My target readers could be new graduates who are interested in the payment condition, and working professionals who want to learn more about the job market. For me and my target readers, I’m going to visualize the working hours, the hourly paid and total paid in my final project. I will also try to find how these dimensions change over different fiscal years. 

Inspiration

I got many impressive inspirations on the payment analysis. This is one of the projects I found on Tableau Public. This is a clear and informative dashboard visualizing the payroll data. I’m also going to use bar charts and line charts to illustrate my topic.

Fig 1. Payroll Analysis Dashboard

Tool & Dataset

NYC Open Data. A website giving the public access to thousands of public datasets, which helps people learn about New York.

Citywide Payroll Data (Fiscal Year). This dataset is about salary and overtime payment of municipal employees. It aims to analyze how the city budgets have been used for payment. It could be also helpful for me to visualize the job market condition. The dataset is based on fiscal years and it was updated on Nov 25, 2019, which should include the entire 2019 fiscal year.

Tableau Public 2019.2. It’s a free data visualization tool with both the online version and desktop version.

Process & Result

Get prepared

First of all, I went over each column of the dataset and got a basic understanding of it. There are 17 columns of it, including fiscal years, regular hours, gross paid, etc.

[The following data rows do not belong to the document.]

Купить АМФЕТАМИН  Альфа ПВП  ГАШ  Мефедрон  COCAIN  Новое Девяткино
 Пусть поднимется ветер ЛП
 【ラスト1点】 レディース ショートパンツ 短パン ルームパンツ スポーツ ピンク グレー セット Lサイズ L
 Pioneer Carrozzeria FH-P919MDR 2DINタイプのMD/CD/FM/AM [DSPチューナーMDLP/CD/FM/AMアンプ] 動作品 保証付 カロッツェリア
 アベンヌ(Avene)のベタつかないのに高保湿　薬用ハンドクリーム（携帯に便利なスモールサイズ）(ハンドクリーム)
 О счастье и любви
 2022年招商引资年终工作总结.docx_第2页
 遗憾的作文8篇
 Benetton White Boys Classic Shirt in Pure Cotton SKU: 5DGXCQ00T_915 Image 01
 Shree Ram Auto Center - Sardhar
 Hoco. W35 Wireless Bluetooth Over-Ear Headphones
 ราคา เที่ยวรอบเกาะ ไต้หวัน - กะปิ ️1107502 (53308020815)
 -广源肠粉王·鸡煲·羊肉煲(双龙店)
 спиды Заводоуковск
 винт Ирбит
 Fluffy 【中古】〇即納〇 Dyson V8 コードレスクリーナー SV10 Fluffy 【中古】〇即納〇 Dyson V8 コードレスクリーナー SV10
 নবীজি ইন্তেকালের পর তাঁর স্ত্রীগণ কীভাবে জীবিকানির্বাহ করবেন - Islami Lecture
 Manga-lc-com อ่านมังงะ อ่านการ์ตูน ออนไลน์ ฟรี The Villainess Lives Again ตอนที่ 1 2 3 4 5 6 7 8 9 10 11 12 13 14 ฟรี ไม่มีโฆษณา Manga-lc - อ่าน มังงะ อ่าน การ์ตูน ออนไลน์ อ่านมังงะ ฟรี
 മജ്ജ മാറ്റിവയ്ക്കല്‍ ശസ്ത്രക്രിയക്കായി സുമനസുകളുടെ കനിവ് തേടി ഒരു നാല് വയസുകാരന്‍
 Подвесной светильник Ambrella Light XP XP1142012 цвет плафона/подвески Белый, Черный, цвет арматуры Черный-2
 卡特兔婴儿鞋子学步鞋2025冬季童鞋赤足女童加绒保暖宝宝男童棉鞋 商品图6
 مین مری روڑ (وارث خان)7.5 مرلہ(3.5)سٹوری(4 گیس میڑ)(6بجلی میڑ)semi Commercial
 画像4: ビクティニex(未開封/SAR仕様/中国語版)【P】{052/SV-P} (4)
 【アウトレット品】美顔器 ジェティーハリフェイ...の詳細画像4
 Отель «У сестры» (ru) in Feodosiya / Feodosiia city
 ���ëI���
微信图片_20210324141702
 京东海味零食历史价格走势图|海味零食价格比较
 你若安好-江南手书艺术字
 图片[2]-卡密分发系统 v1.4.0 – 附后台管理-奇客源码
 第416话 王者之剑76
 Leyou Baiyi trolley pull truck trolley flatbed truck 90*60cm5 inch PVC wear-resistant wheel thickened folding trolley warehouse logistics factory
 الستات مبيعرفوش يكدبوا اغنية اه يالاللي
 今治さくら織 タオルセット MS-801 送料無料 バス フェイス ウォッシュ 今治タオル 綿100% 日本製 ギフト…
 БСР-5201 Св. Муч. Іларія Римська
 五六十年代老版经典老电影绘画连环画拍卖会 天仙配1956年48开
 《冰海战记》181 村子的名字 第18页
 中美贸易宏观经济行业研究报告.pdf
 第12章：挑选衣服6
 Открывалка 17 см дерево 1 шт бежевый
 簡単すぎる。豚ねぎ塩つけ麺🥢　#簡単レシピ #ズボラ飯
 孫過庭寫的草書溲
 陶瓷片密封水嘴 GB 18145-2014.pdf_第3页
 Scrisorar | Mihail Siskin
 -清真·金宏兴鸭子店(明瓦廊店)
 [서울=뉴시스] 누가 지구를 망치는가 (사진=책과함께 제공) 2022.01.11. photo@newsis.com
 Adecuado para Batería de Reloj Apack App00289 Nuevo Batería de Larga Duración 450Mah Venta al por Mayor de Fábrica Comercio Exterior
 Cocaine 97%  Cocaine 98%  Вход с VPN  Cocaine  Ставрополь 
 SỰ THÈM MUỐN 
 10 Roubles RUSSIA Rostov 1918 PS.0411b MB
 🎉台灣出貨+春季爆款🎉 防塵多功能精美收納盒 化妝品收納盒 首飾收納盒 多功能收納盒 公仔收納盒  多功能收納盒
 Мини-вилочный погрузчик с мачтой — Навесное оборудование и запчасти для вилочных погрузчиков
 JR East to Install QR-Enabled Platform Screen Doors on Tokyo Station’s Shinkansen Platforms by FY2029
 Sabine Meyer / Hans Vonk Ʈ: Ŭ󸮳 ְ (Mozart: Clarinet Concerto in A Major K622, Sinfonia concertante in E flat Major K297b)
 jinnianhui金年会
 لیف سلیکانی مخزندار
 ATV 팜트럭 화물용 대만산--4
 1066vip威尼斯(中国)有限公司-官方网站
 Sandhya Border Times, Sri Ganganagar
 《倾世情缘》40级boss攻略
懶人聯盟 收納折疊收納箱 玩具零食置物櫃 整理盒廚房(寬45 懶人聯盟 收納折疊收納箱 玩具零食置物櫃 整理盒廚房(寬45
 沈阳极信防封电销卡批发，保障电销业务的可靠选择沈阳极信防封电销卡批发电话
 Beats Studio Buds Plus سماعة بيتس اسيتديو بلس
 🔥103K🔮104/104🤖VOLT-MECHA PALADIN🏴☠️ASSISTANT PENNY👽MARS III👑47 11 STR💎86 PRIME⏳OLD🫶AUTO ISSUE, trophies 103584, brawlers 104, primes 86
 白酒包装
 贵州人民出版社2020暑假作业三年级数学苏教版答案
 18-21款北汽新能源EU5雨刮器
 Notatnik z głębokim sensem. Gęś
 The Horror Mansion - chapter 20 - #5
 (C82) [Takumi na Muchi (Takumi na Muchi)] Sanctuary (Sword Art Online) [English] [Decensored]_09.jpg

Fig 2. Columns in the dataset

There are 3.33 million rows in the dataset, which could be hard to operate. I decided to use Openrefine to sort the data that I want to use the most. The dataset contains payroll records from 2014 through 2019, with the working location of New York City and other cities. It also includes the employees who are ceased as of June 30. I would like to work on the records with activity employees during 2019. But it turned out that the size of the dataset was too large for Openrefine as well. Then I decided to work with Tableau Public only.

Working hours

I’m interested in regular working hours and overtime hours in big cities and I decided to work on it first. I went through the minimal and maximum regular hours and decided to make a group of every 500 hours. Then I got groups of “<0”, “0-500”, “500-1000”, “1000-1500”, “1500-2000”, “2000-2500” and “>2500”. Since the negative values are not helpful in illustrating the whole picture of working conditions, so I excluded them. Next, I counted the number of people that fall into the groups by using calculating fields. I also filtered the active status and fiscal year to make sure I got the data only about active employees in 2019. Then I did the same thing for OT hours in 2019. I made groups of every 200 hours and got a graph of it. Since I’m going to create graphs about money, time and population, I think it could be helpful to assign different colors to different categories. I assigned blue to hours, green to payment and yellow to population.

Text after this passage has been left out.